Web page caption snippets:
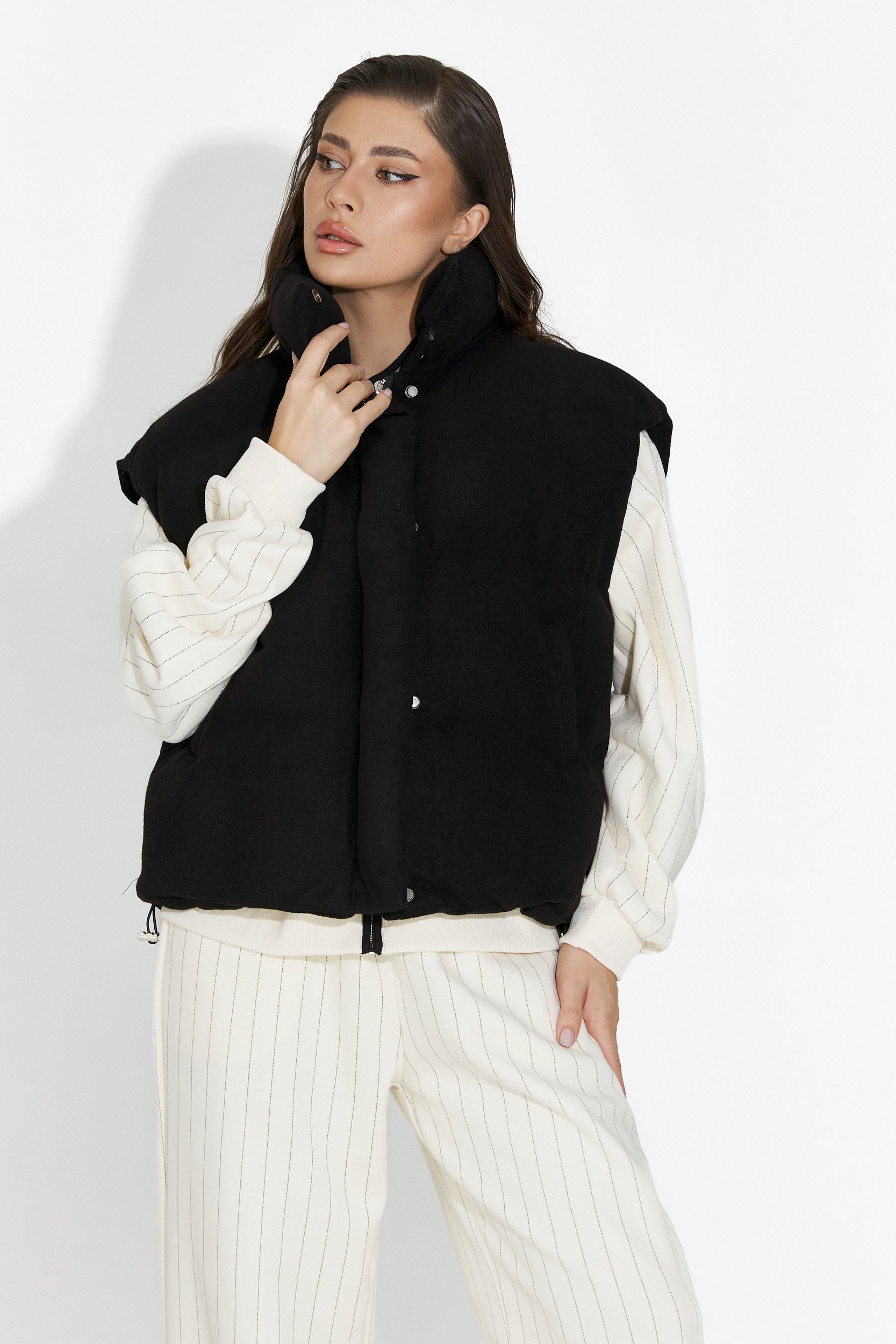 Cendira Bogas Fekete Hétköznapi Női Mellény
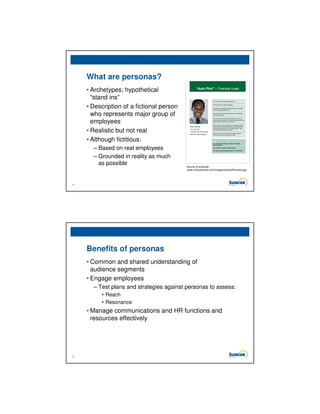 What are personas?
    • Archetypes; hypothetical
      “stand ins”
    • Description of a fictional person
      who represents major group of
      employees
    • Realistic but not real
    • Although fictitious:
      – Based on real employees
      – Grounded in reality as much
        as possible                       Source of example:
                                          www.mollystevens.com/images/samplePersona.jpg




4




    Benefits of personas
    • Common and shared understanding of
      audience segments
    • Engage employees
      – Test plans and strategies against personas to assess:
         • Reach
         • Resonance
    • Manage communications and HR functions and
      resources effectively




5
 
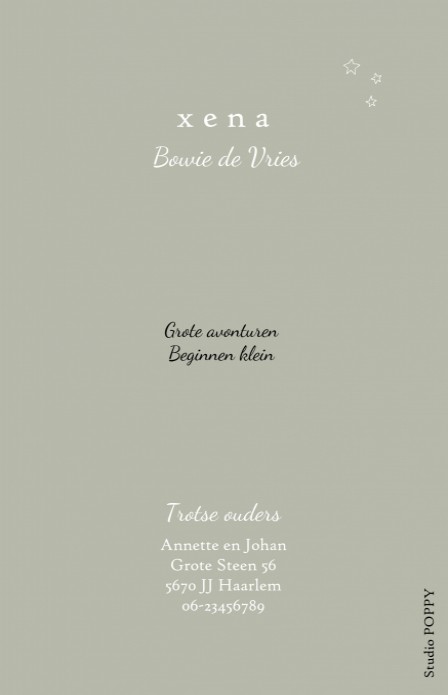 Geboortekaartje met foto avontuurlijk met astronauten en planeten. Een stoer geboortekaartje waarmee je gelijk aan iedereen de baby kunt laten zien! De elementjes met maan in het heelal kun je ook in foliedruk laten drukken.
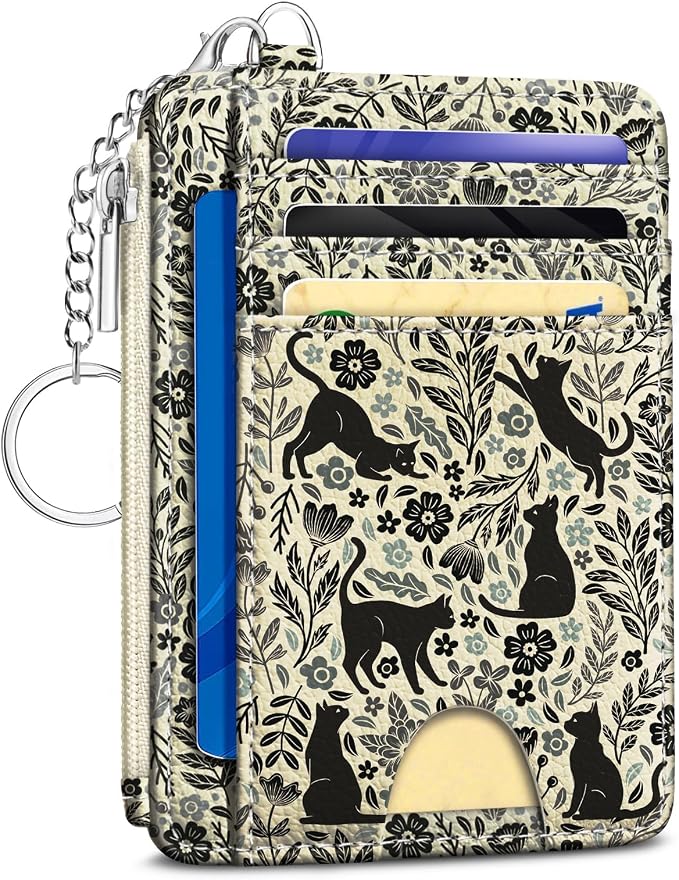 Kelvoris Credit Card Holder Small Wallet Women, Slim RFID, Black Cat | Keychain, Zipper Coin Pocket, Front Pocket Thin Travel Card Case, Minimalist, 6 Card Slots, 1 ID Window, Ladies Gifts Woman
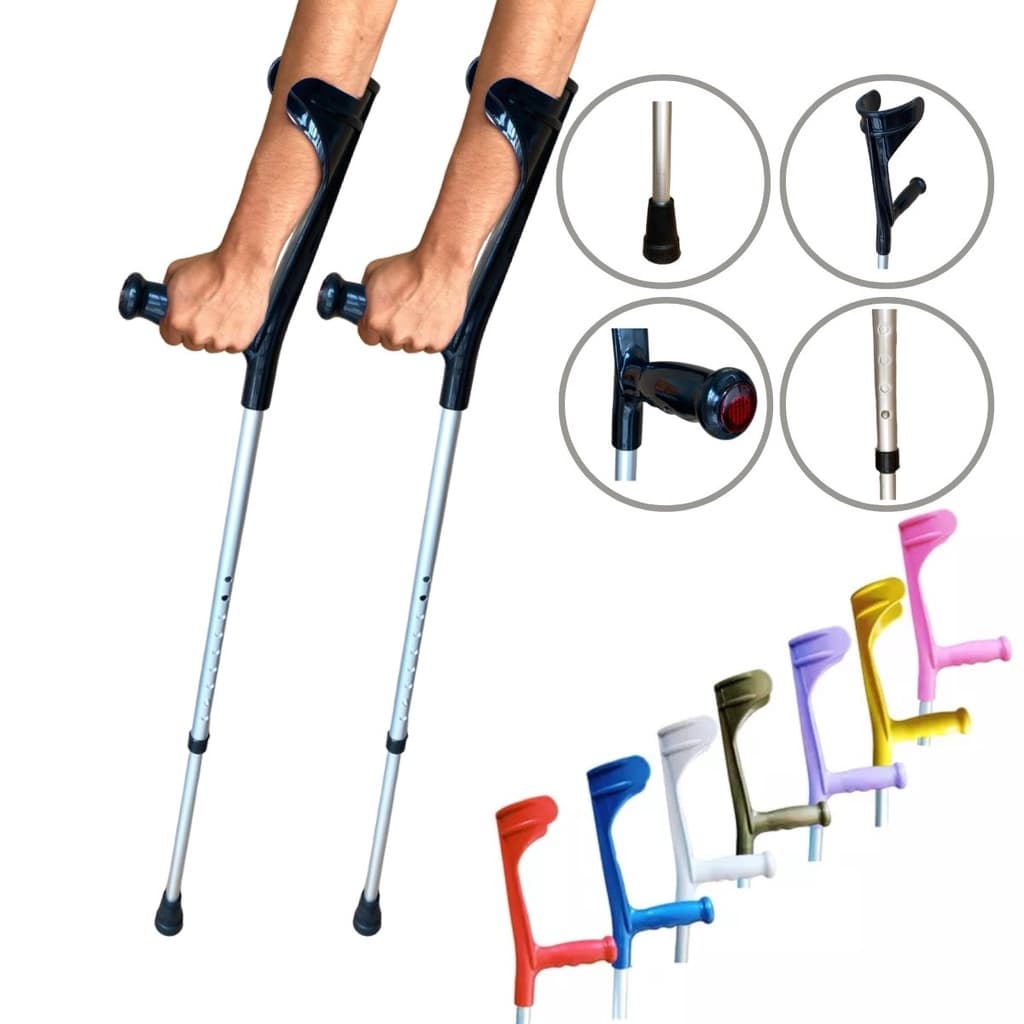 Par Bengala Muleta Regulável Altura Braço Várias Cores Alo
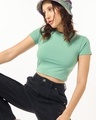 Shop Women's Granite Green Slim Fit Short Top-Front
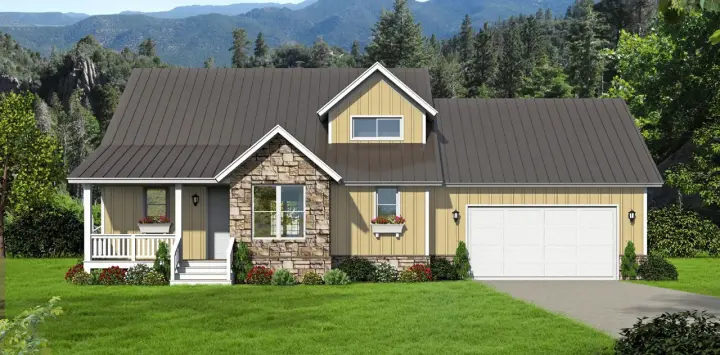 Country house plans 87-135 - front exterior, 1,850 sq ft, 3 bed, 2 bath house plans | Monster House Plans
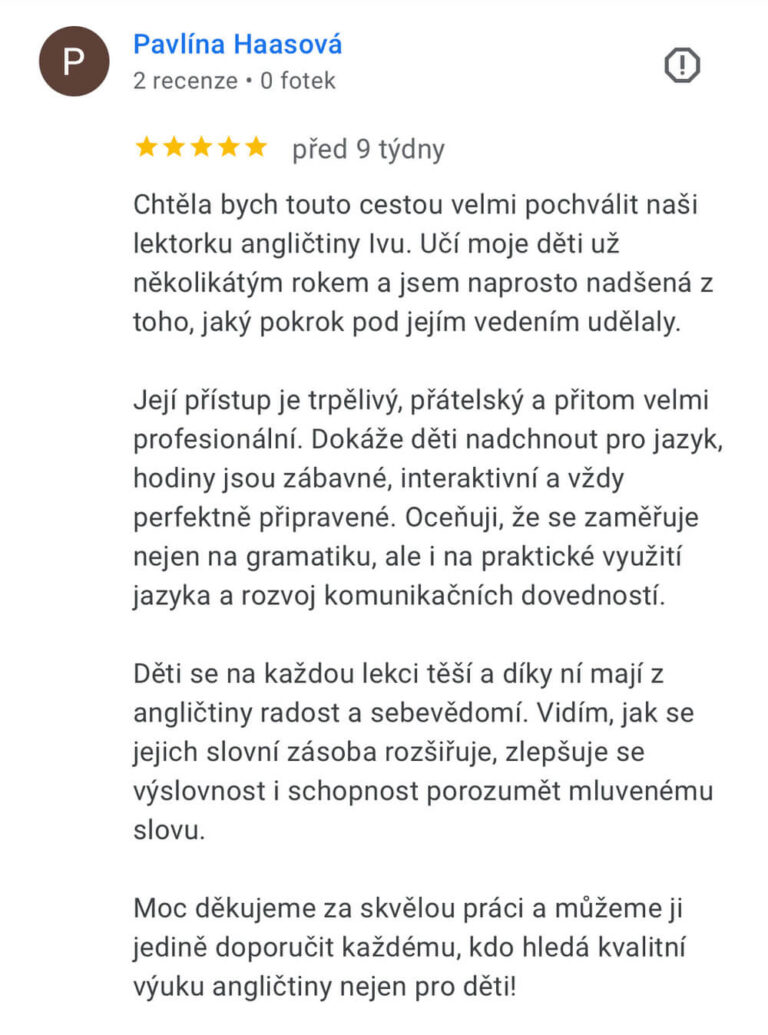 Screenshot recenze kurzu angličtiny TOP English – Pavlína Haasová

▸ **PROBLEM DESCRIPTION**:
Scan the records above for the string "employees", and copy every line where it turns up.

▸ **REPLY TO THE EXERCISE**:
      employees
      – Based on real employees
    • Engage employees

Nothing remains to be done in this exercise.